2012 General Social Survey 4 variable report

Here is a description of the assignment, and my answers are below the assignment.

Statistics for Social Research SOC310/SWK310

Fall 2014


Final Examination


DUE DATE: This exam is due on Thursday, December 18, by 5:00 p.m. Remember, exams will not be accepted late, unless you are struck by an incapacitating illness or injury. Even then, I will want to see evidence of just how far you got on the exam before you were stricken.

As with the mid­term, you will be fine provided you plan ahead carefully and leave yourself plenty of time to complete the exam. The computer analysis may take anywhere from fifteen minutes to two or three hours, while it will take several more hours to answer all the questions.


OUTSIDE HELP: The exam is open book, open notes, and has no time limit other than the due date. You may discuss the exam with anyone before you begin the computer analysis. Once you have started, you may only ask questions of the instructor or the TA.


GENERAL INSTRUCTIONS: For this exam you will be working with four or more variables from the 2012 General Social Survey. A portion of the data from this survey is available on the class web page in a file named gss12.sav. At least two of your variables must be categorical in nature (i.e., either nominal or ordinal), while at least two others must be interval or ratio.

Before anything else, you should check your variables to make sure that values that should be treated as missing have indeed been defined as such in SPSS. You will then describe your variables and test the relationships between certain of them based on information obtained from the FREQUENCIES, CROSSTABS, TTEST, MEANS, SCATTERPLOT and REGRESSION commands.

In addition to your answers to the questions that follow, you will need to turn in all of the relevant output generated by SPSS. Be sure to get rid of any output that is not relevant to the analyses that you have conducted to answer the exam questions. Take care also to document which specific section(s) of your output you are referring to as you answer each question.


QUESTIONS: As you work through this exam, you will be writing a report on the data and your findings. Such a report typically includes graphs, statistical tables, and text. The text is critical insofar as it highlights, interprets, and summarizes what the graphs and statistics reveal. Answer the following questions in order and in prose form. Report and interpret fully the values of relevant statistics in the text. Try to come as close to a real­world, non­technical explanation of the meaning of each number as possible. And as always, do not forget to label your numbers wherever appropriate.

  1. For starters:

    1. What population does your sample represent?

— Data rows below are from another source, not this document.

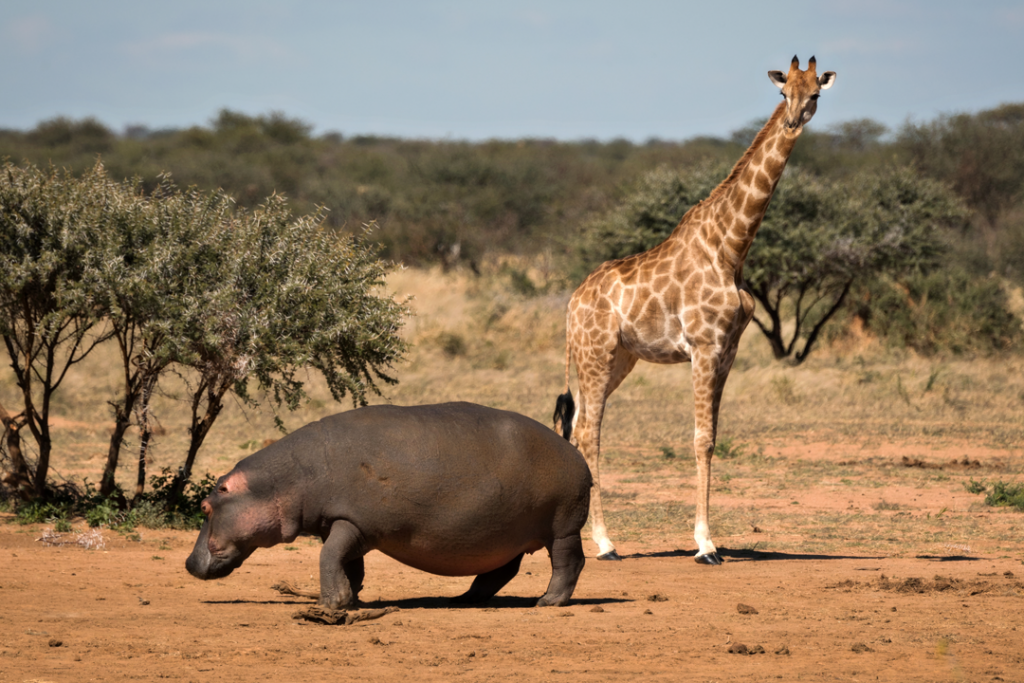 Giraffe und Nilpferd fotografiert von Sebastian Hilpert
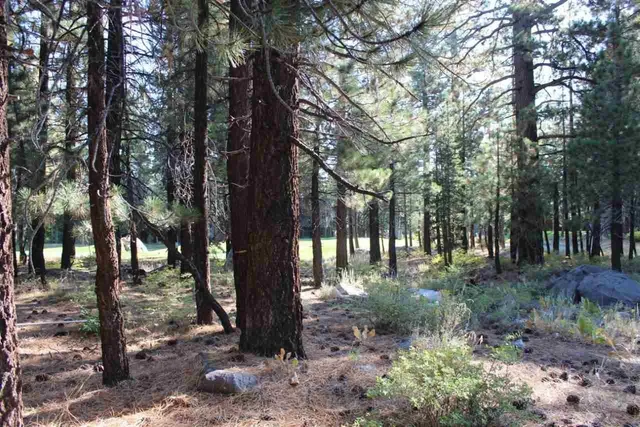 an aerial view of residential house with outdoor space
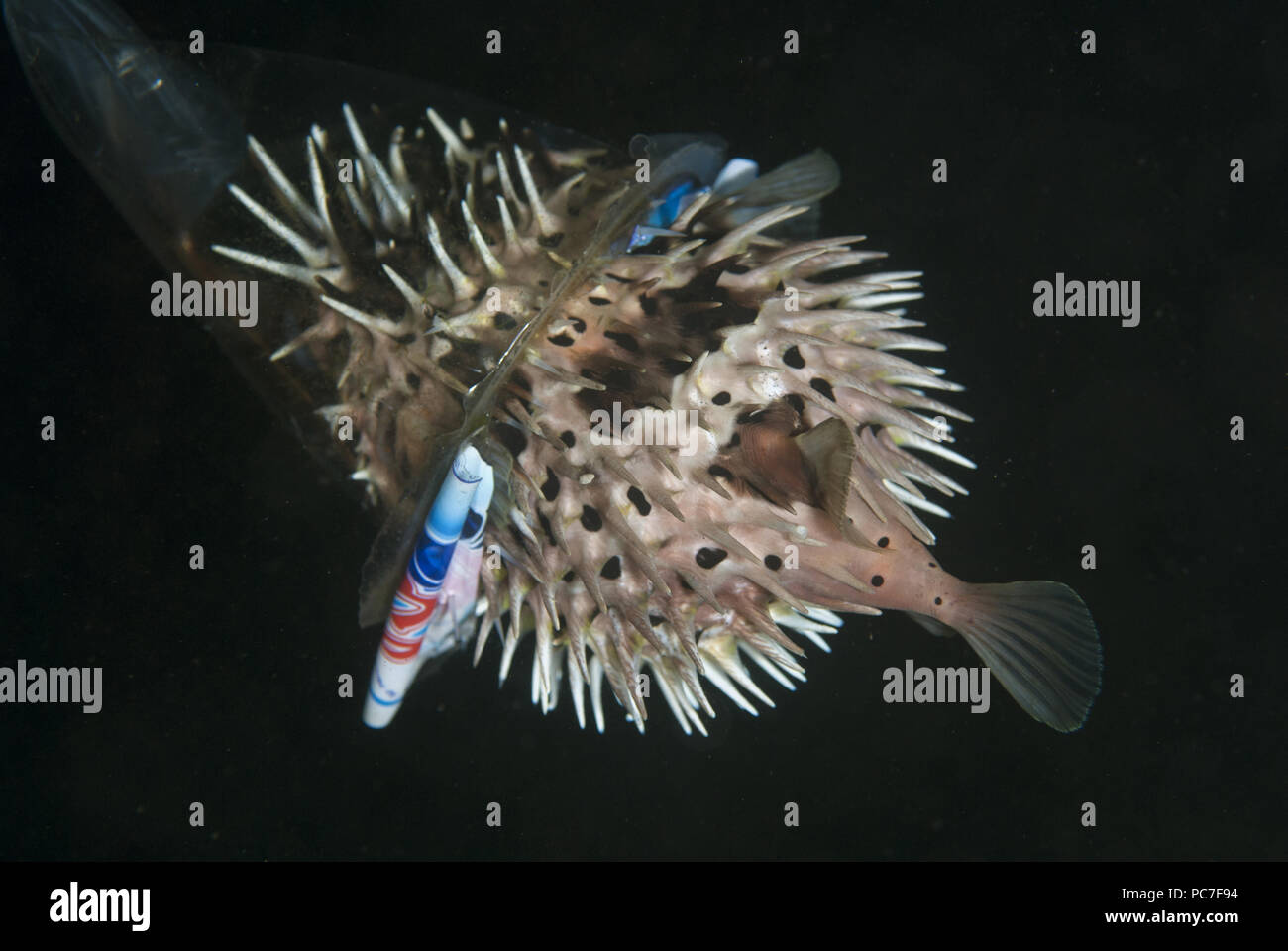 Orbicular Burrfish (Cyclichthys orbicularis), aufgeblasen wie in Schale aus Kunststoff geklebt, TK 1 Tauchplatz, der Lembeh Straße, Sulawesi, Indonesien Stockfoto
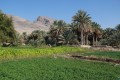 viaggio in Oman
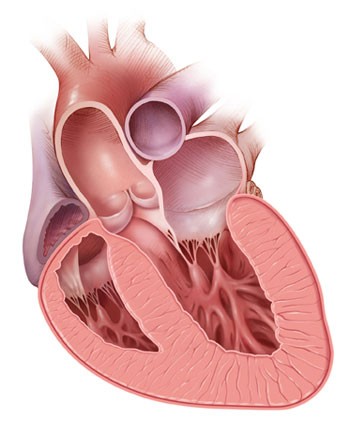 Illustration of a cross section of a heart.
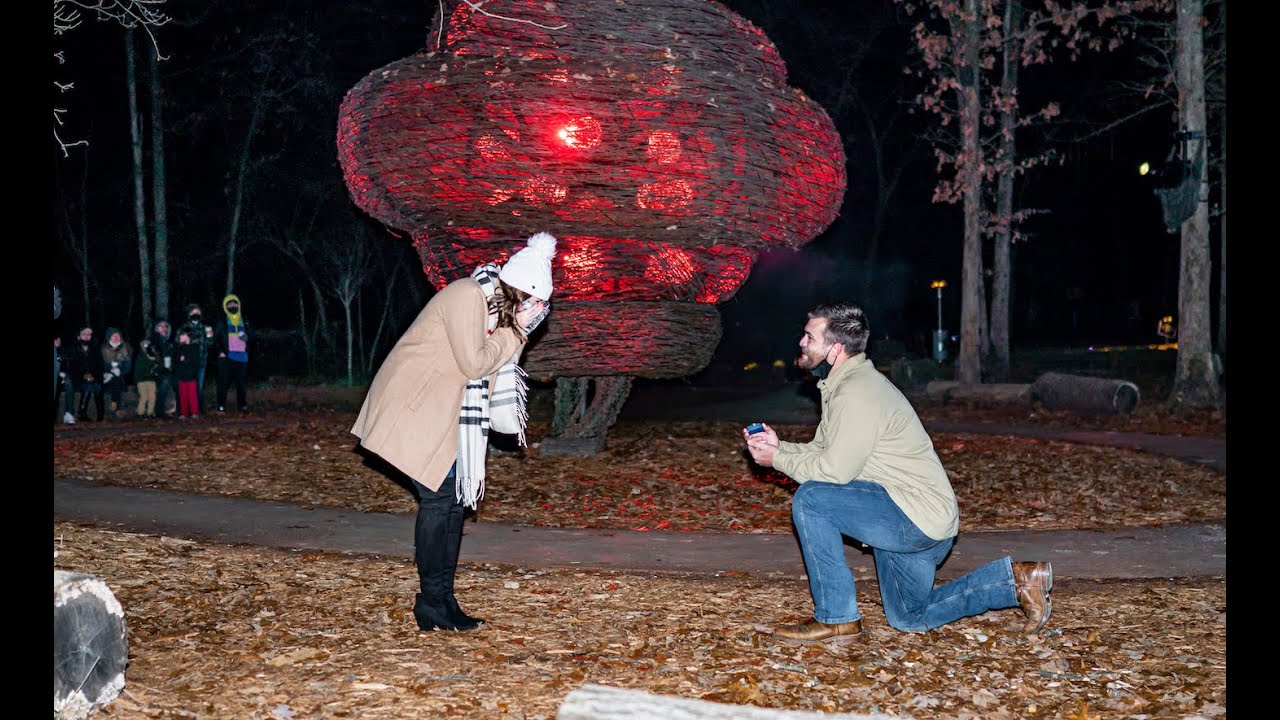 North Forest Lights Proposal | Brett & Mary Taylor
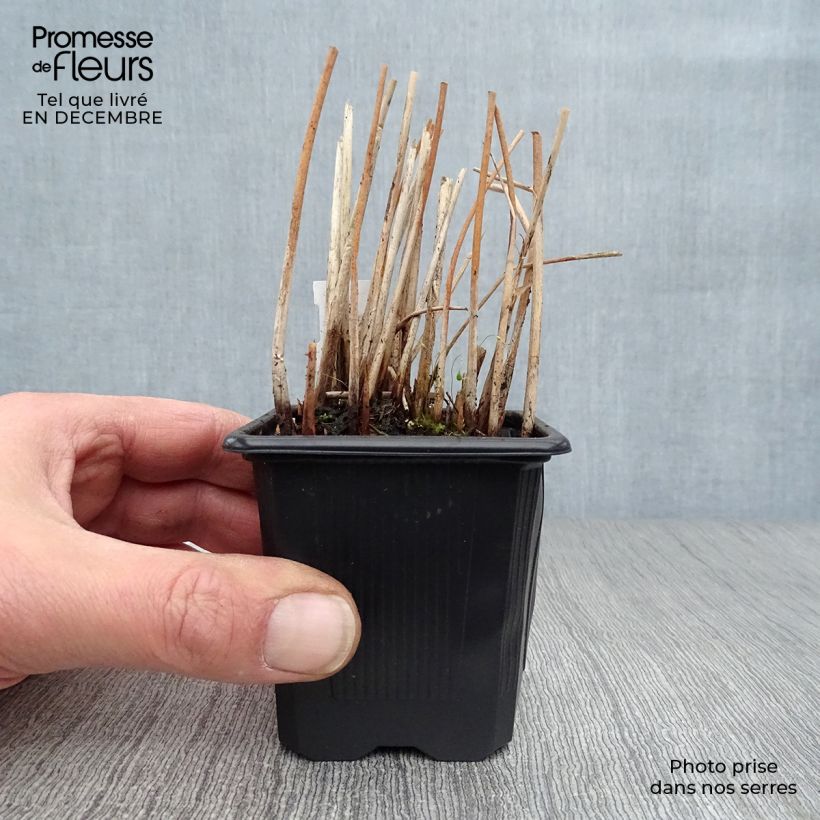Schoenoplectus lacustris subsp tabernaemontani Zebrinus - Junco de laguna Maceta de 8/9 cm Ejemplar entregado en invierno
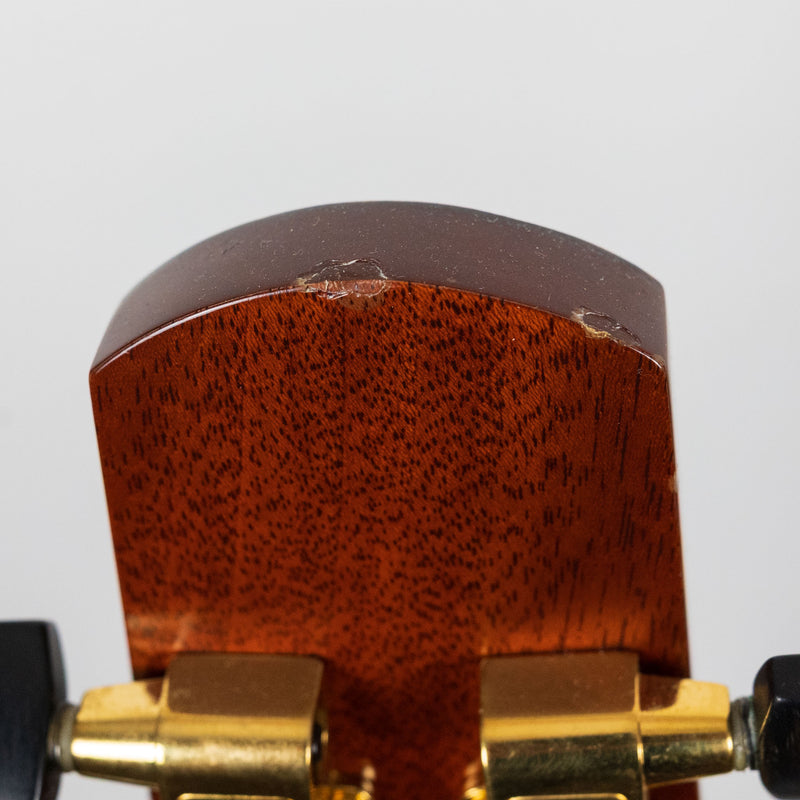 Santa Cruz 1996 FS / Fingerstyle Model, Cedar Top + EI RW #463 w/OHSC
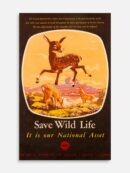 Save Wild Life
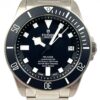 Tudor Pelagos 25600TN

    2. How large is your sample?

    3. How was the sample drawn?


  2. For each of your variables:


    1. What is the name of each variable in SPSS?


    2. What does each variable aim to measure and how is that operationalized?


    3. What level of measurement does each variable achieve? Explain.


  3. For one interval/ratio level variable of your choosing:


    1. Generate a frequency distribution and a bar chart or histogram for your chosen variable. If appropriate, describe the shape of the distribution.

    2. Report and interpret the values for all of the measures of central tendency that are appropriate for your variable.

    3. Report and interpret the values for all of the measures of dispersion that are appropriate for your variable.

  4. For your two categorical variables:


    1. State a research hypothesis concerning the relationship between the two categorical variables you have chosen. In doing so, specify theoretically which variable is the independent variable and which is the dependent variable, as well as why you expect there to be a relationship between the two of them.

    2. Generate a cross­classification table for the two variables.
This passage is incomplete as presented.